■ Work task
Please give the whole listing again exactly, without any of its pictures.

■ Provided records
____________
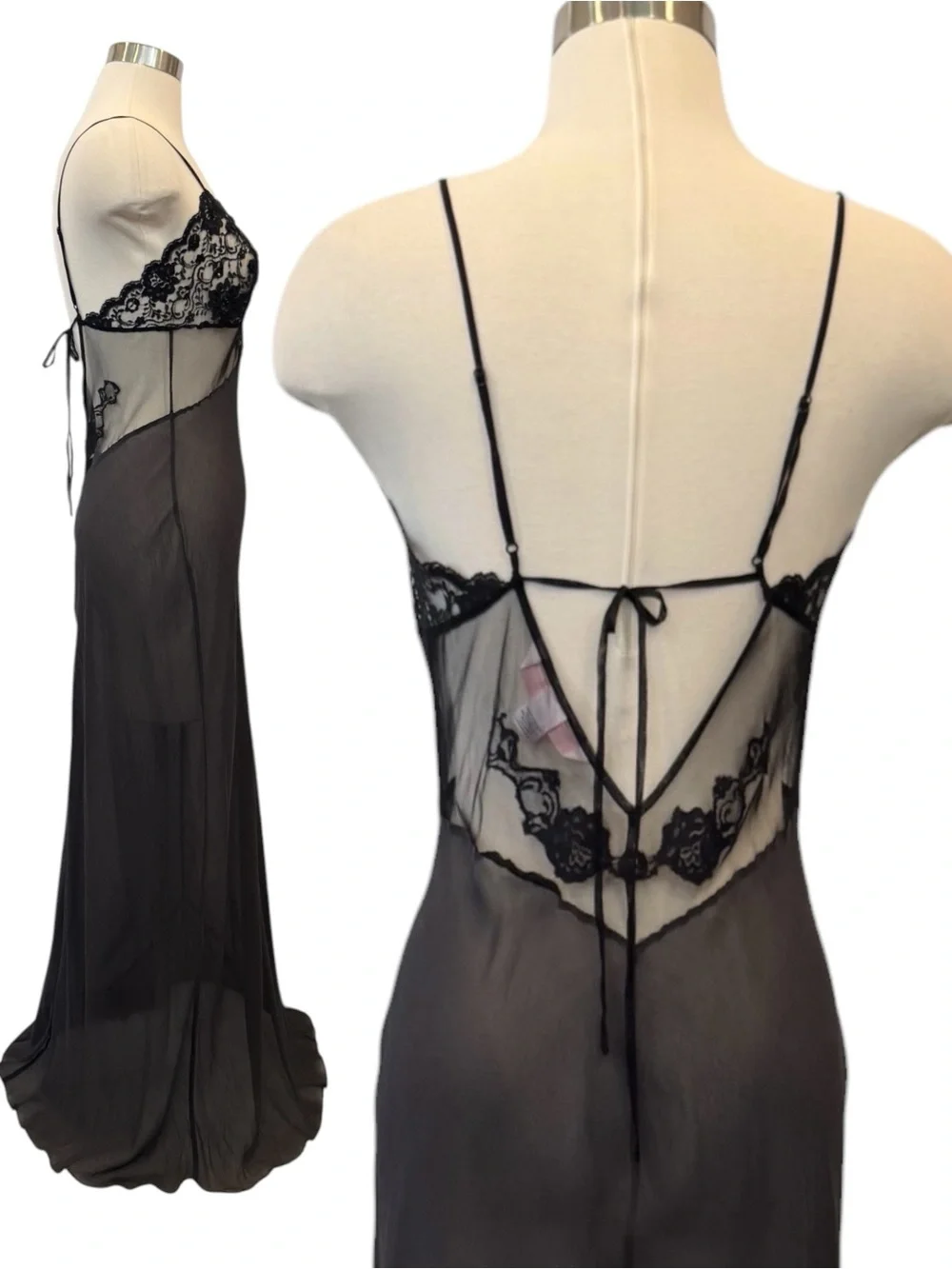 Victorias Secret gorgeous silk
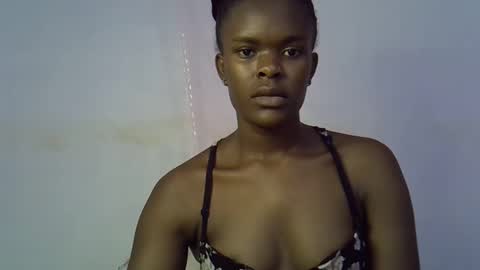 KEYSHA online show from February 18, 8:03 am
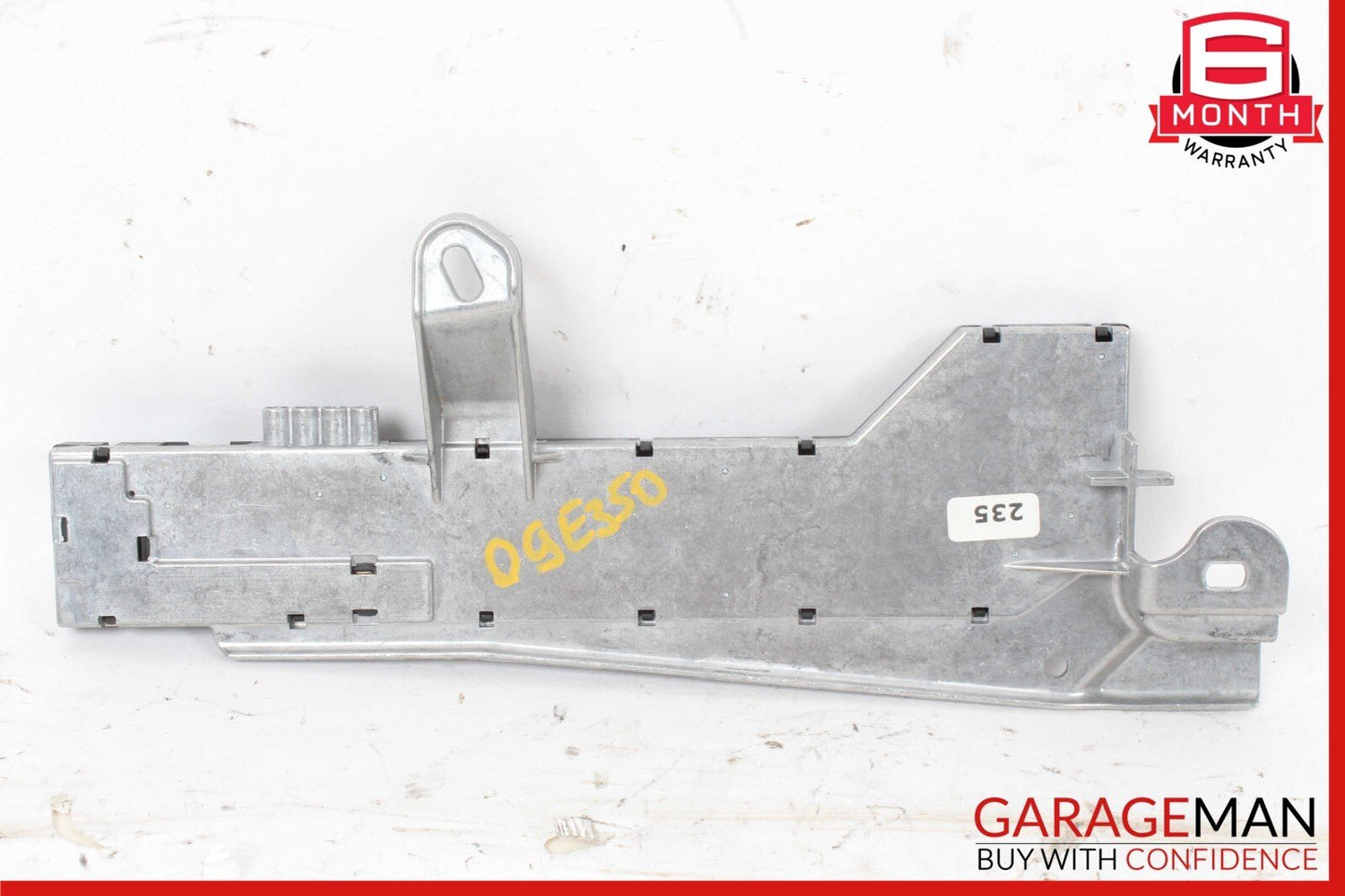 06-11 Mercedes W211 E350 CLS63 AMG Antenna Amplifier Booster 2198203189 OEM
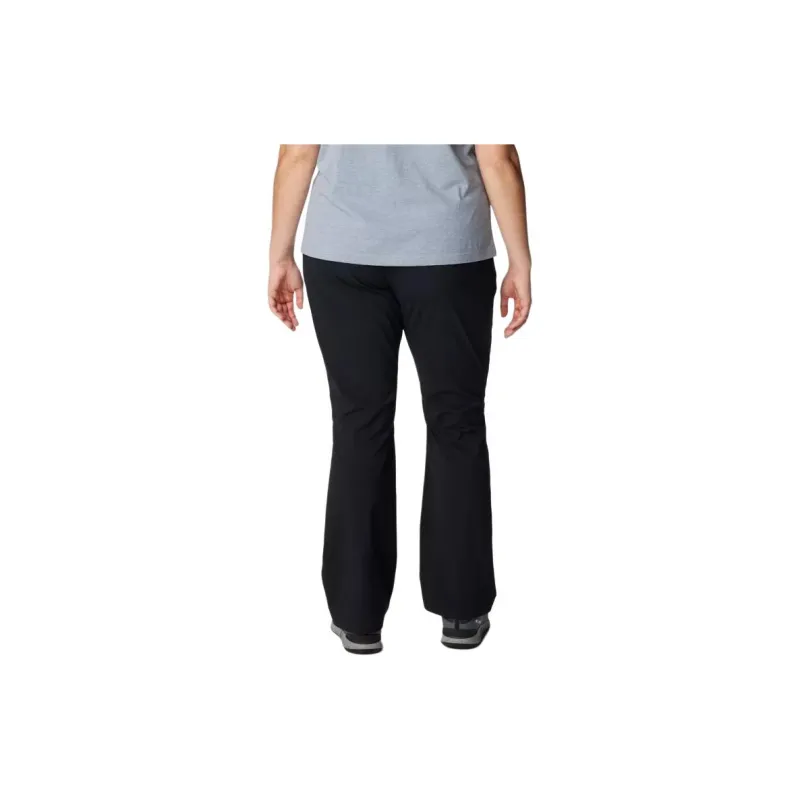 Columbia Anytime OutdoorAnytime Anytime Outdoor Casual Pants Women's Black-1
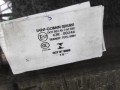 стекло двери передней правой Mercedes-Benz Vito W639 2005, 2.2 л., дизель, МКПП, микроавтобус - фото №3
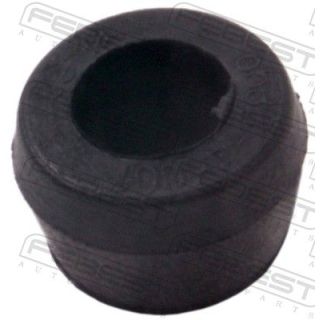 Tarpiklio įvorė, amortizatorius FEBEST HYSB-H100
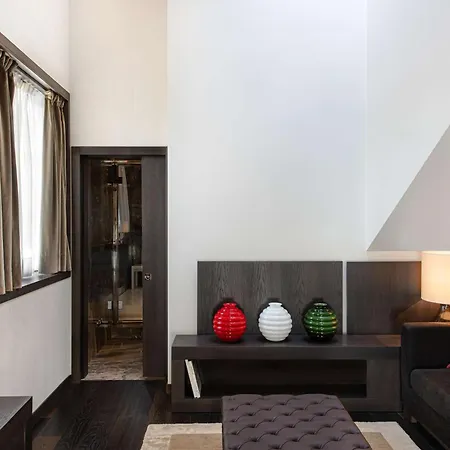 Отель Hyatt Centric Venice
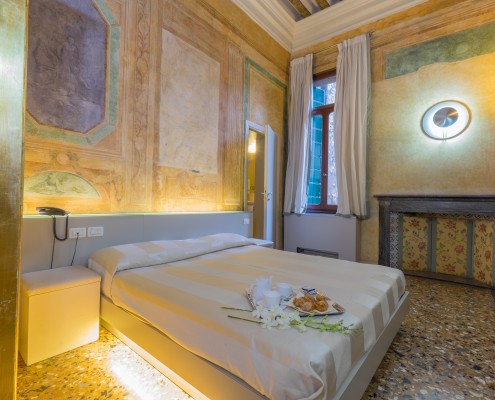 Boutiquehotel Venedig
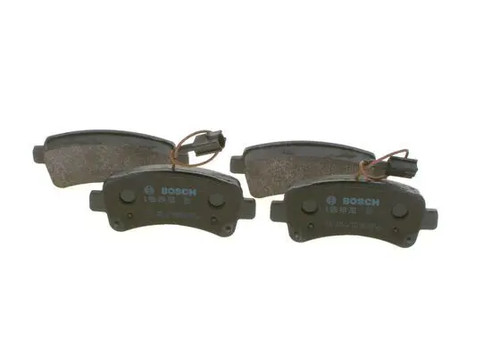Pastiglie freno 986 494 765 - 986,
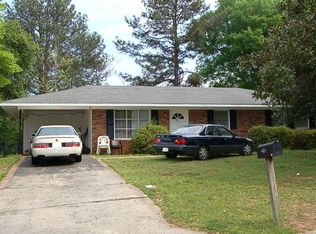 256 Valencia Cir, Centerville, GA 31028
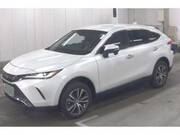 2024 TOYOTA HARRIER G
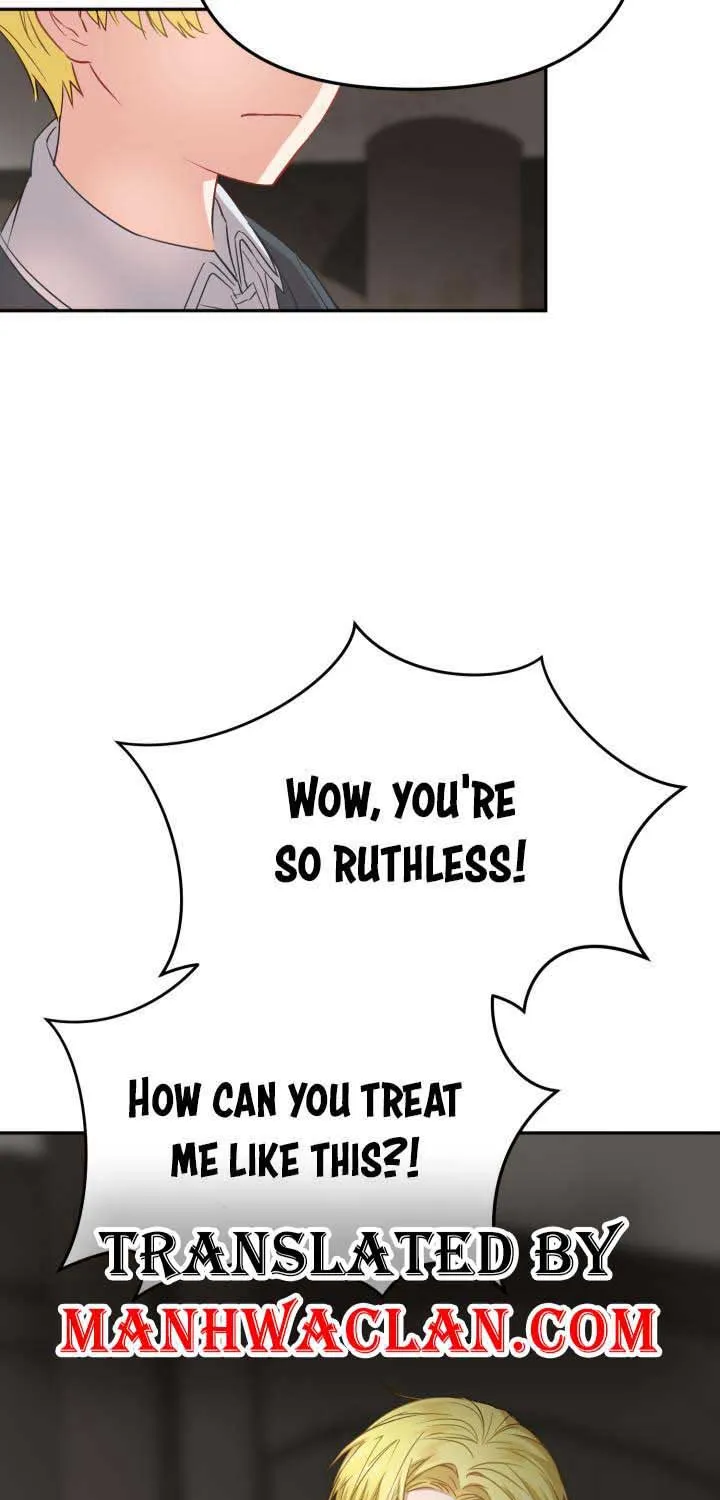 How To Survive As The Devil’s Child Chapter 15 page 85 -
____________
■ Response
 Victorias Secret gorgeous silk
 KEYSHA online show from February 18, 8:03 am
 06-11 Mercedes W211 E350 CLS63 AMG Antenna Amplifier Booster 2198203189 OEM
 Columbia Anytime OutdoorAnytime Anytime Outdoor Casual Pants Women's Black-1
 стекло двери передней правой Mercedes-Benz Vito W639 2005, 2.2 л., дизель, МКПП, микроавтобус - фото №3
 Tarpiklio įvorė, amortizatorius FEBEST HYSB-H100
 Отель Hyatt Centric Venice
 Boutiquehotel Venedig
Pastiglie freno 986 494 765 - 986,
 256 Valencia Cir, Centerville, GA 31028
 2024 TOYOTA HARRIER G
 How To Survive As The Devil’s Child Chapter 15 page 85 -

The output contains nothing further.